It will be interesting to see how Barnet's transport chiefs react to Boris Johnson's Cycle Highway 11 - supposedly a "safe, direct, continuous, visible and comfortable" high-priority cycle route on the A5. Are they going to continue to argue on the same basis as Nick Bell's letter of 2004 that it should be somewhere else (a somewhere else that is never quite pinned down because it doesn't exist), despite the important words in the Cycle Highway specification direct  and visible? These words means that the policy is, rightly or wrongly, that the Highways should be on exactly this type of road, which Bell thought so unsuitable for cyclists.

 

 

Campaign against the Brent Cross Cricklewood Proposals

July 6, 2009 by David Arditti

We have news that a public meeting will take place from 4-6 pm on Sunday 12th July at the Roman Catholic Church of St Mary and St Andrew, Dollis Hill Lane, NW2, entitled:

Safeguarding Brent's Residents: Campaign against the Brent Cross Cricklewood Development Proposals

It is being organised by Navin Shah, London Assembly Member for Brent & Harrow, and chaired by Cllr. Ann John. The meeting will deal with numerous strategic issues arising out of the development proposals, including the effects on transport, including cycling, in NW London.

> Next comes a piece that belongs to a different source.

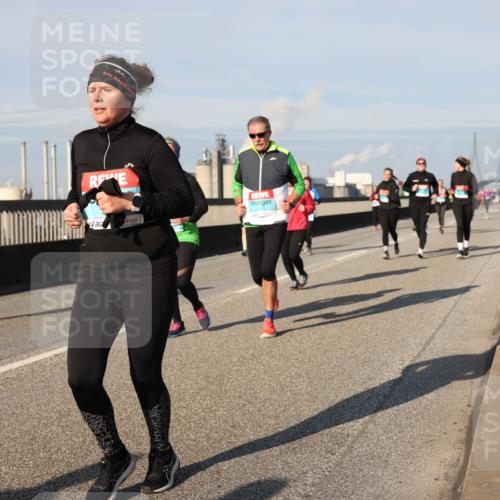 03.10.2025 - Köhlbrandbrückenlauf Lena Gebhardt http://msf.ph/oto/9143693 03.10.2025 10:01:32 Position 2  meine-sportfotos.de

Amongst a distinguished line of speakers, including Dawn Butler MP, will be Brent Cyclists coordinator Ben Tansley, who will be explaining why Brent and Barnet Cyclists are opposing the plans. Amongst many disastrous transport features of the proposals are changes to the A5 which will make it much harder to use that road to cycle from Brent and Barnet into central London, completely against the stated policy of the Mayor of London, who wants the A5 to be a high-priority "Cycle Highway".

If you care about the issues, please come along and support us. This is a major campaign across a large number of Brent and Barnet's community and environmental groups, with a huge groundswell of support. Brent, Camden and Harrow Councils are all opposing the plans, and the more support the campaign gets, the more chance we have of getting Barnet Council or the Mayor to reject them.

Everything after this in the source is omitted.